_INFORMATION GIVEN_.
_ _ _ _

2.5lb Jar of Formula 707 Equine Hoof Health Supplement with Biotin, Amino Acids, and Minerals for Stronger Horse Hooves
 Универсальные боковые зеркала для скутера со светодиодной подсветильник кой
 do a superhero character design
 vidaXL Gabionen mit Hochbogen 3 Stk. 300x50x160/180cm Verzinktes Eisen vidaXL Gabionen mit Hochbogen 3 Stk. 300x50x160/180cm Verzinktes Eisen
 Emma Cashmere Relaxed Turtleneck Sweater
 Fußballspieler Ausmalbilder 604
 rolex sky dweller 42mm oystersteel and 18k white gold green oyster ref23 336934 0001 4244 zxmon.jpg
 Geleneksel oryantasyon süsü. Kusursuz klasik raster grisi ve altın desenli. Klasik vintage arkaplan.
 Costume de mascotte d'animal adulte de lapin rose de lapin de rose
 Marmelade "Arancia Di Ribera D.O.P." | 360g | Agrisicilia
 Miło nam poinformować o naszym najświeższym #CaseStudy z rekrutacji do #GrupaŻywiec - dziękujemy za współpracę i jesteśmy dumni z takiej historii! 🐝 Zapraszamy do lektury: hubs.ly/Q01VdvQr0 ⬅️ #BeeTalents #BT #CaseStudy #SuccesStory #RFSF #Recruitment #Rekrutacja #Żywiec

_ _ _ _

_WHAT YOU WILL DO_.
Copy nothing except the lines from the one with "360g | Agrisicilia" through the end of the records; keep each exactly as it appears, first and last included.

_RESPONSE AREA_.
 Marmelade "Arancia Di Ribera D.O.P." | 360g | Agrisicilia
 Miło nam poinformować o naszym najświeższym #CaseStudy z rekrutacji do #GrupaŻywiec - dziękujemy za współpracę i jesteśmy dumni z takiej historii! 🐝 Zapraszamy do lektury: hubs.ly/Q01VdvQr0 ⬅️ #BeeTalents #BT #CaseStudy #SuccesStory #RFSF #Recruitment #Rekrutacja #Żywiec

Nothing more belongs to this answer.